Get [Rid of] Chromium

Another update to Chromium (not Chrome) web browser caused a final shift in our recommendations for this FOSS (Free Open Source Software). For a long while, Chromium has lacked a critical feature found in other FOSS browsers, such as Firefox and the Tor Browser (built on the code for Firefox). Chromium does not use a master password to secure your recorded site logins. Anyone who sits down at your computer can freely access this information.

Not so with Firefox, if they do not know your master password; plus your logins are not stored/copied anywhere else.

To add insult to purposeful injury, the newest edition of Chromium does not allow you to look at all login passwords at once (as in the past) and potentially back them up locally. You have to allow Google to store all your login information at Google's passwords site. If anyone learns/hacks your master password for that site, they gain access to all of that information. They do not need to sit directly at your computer or gain access to it.

How stupid is that?

And yet that is exactly what Google has done, because it wants to know (1) where you go in every way possible and (2) how you got there and what you do.

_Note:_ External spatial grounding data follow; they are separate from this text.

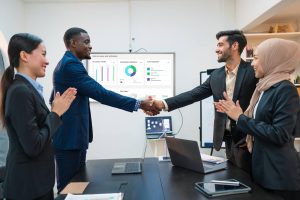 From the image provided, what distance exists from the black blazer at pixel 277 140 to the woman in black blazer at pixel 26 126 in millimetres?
1131

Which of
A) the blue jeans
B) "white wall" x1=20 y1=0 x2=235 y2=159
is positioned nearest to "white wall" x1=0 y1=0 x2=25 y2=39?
"white wall" x1=20 y1=0 x2=235 y2=159

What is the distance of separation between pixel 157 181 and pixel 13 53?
1051 mm

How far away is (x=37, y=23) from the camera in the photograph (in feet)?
14.1

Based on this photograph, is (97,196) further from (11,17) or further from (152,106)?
(11,17)

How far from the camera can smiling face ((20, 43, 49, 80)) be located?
1.51 meters

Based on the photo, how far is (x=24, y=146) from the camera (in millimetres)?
1334

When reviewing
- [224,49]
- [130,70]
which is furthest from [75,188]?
[130,70]

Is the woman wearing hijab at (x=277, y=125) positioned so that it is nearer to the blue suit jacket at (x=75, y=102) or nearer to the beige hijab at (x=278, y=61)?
the beige hijab at (x=278, y=61)

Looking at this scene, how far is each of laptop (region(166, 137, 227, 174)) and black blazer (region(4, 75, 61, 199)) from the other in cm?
84

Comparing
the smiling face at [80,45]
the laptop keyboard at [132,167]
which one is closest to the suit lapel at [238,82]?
the laptop keyboard at [132,167]

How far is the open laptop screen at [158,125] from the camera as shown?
416 centimetres

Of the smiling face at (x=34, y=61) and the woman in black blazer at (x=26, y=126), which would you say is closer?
the woman in black blazer at (x=26, y=126)

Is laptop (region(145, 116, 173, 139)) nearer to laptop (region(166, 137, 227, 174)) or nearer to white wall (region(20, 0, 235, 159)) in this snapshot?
white wall (region(20, 0, 235, 159))

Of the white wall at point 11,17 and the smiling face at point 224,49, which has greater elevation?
the white wall at point 11,17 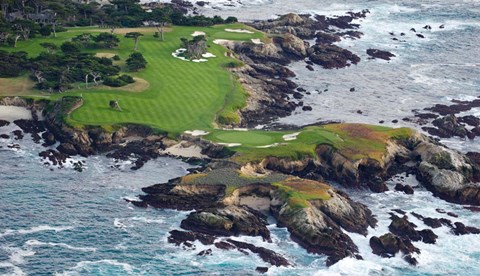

This is not the first time Google has manipulated the Chromium FOSS project, sometimes to be slapped for violating regulated FOSS licensing. There is no excuse—including convenience for the lazy—for seizing control of your security information. And yes, accounts at the google site for passwords have been hacked more that once.

Chromium was once a highly preferred FOSS browser at NDAS—but no more. It has been removed from all NDAS machines and the "Resources for Authors" page. We recommend that you delete it as well, delete all login information stored at passwords.google.com and switch to Firefox—or better, Waterfox—plus our recommended security plugins (see Resources for Authors >> Internet).